- [Problem] What you write should be an exact repeat of the lines from the one with "ALDI Dépliant week 7 Pagina 32" through the final line below, minus the pictures.

- [Recorded data]
○ ○ ○ ○ ○
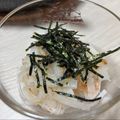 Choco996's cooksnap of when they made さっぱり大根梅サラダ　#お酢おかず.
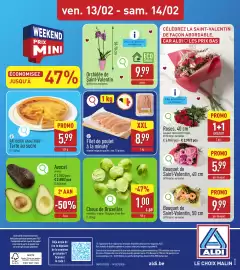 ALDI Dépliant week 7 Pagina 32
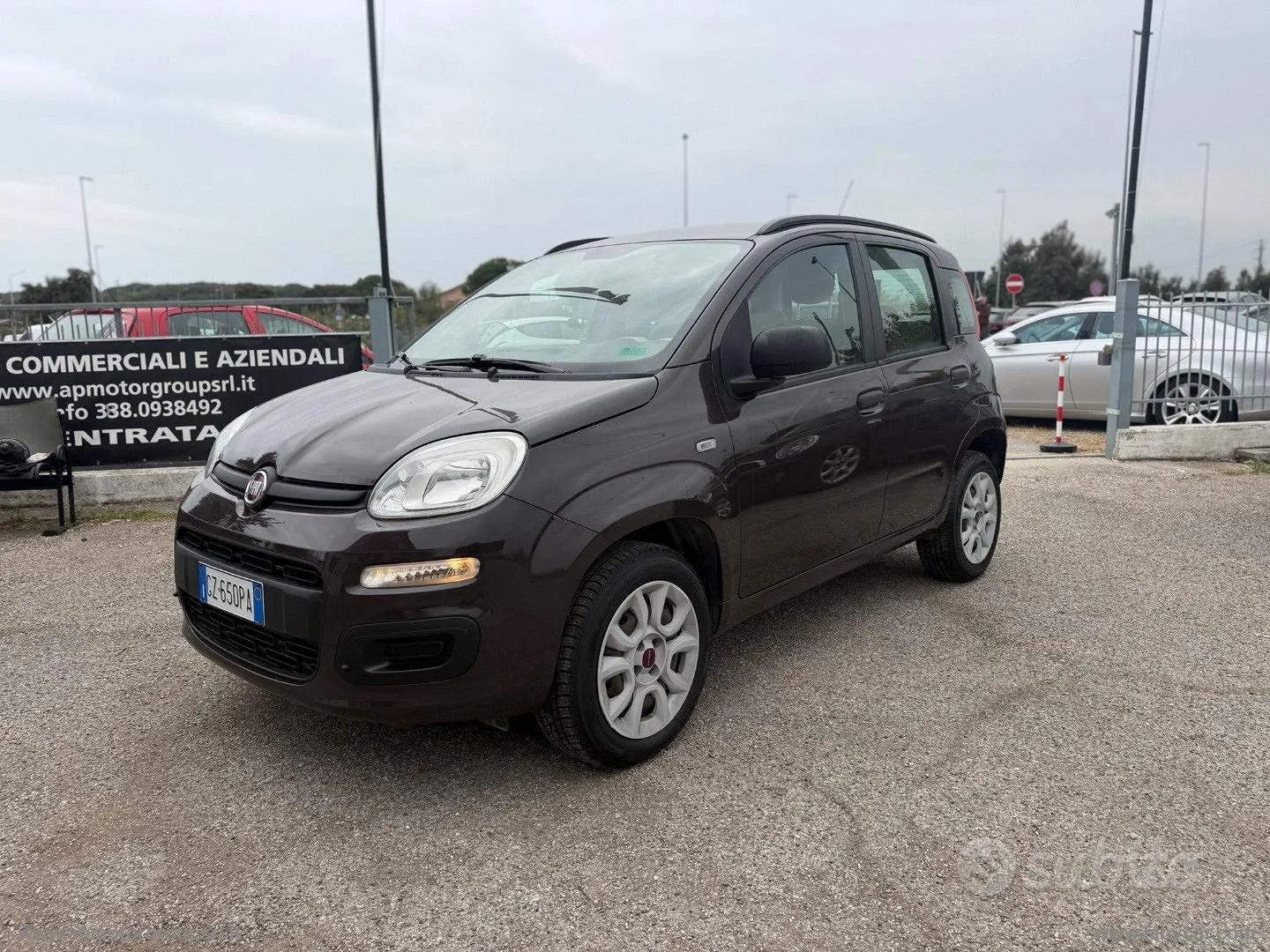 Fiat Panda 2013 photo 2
○ ○ ○ ○ ○
- [Result below]
 ALDI Dépliant week 7 Pagina 32
 Fiat Panda 2013 photo 2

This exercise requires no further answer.